#### Action item:
Search the records for lines with the word "Brass" and copy each match.

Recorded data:
*****
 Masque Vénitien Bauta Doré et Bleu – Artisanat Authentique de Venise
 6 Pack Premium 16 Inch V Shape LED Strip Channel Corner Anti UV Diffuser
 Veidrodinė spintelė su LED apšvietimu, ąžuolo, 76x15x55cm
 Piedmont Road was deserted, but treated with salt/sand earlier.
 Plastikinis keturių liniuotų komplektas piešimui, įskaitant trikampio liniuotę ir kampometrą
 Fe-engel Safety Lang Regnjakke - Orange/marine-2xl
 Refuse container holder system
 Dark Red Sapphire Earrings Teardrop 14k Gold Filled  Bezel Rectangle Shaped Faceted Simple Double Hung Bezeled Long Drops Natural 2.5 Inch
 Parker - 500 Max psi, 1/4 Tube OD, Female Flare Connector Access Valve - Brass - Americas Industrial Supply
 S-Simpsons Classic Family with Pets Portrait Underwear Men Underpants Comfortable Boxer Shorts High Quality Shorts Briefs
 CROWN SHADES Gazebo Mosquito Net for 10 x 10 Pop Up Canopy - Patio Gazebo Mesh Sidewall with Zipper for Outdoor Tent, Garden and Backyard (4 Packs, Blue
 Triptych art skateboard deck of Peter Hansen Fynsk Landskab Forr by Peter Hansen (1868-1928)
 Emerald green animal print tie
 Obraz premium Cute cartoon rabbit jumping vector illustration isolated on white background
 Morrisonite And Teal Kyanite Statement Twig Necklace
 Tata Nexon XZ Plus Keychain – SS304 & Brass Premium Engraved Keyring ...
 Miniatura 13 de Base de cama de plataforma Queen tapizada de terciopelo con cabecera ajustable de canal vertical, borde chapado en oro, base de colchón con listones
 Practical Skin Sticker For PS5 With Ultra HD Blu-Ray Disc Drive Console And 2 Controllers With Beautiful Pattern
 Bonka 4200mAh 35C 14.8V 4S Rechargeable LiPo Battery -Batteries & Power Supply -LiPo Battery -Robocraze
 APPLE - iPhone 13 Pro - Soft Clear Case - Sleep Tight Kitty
*****
#### Result below:
 Parker - 500 Max psi, 1/4 Tube OD, Female Flare Connector Access Valve - Brass - Americas Industrial Supply
 Tata Nexon XZ Plus Keychain – SS304 & Brass Premium Engraved Keyring ...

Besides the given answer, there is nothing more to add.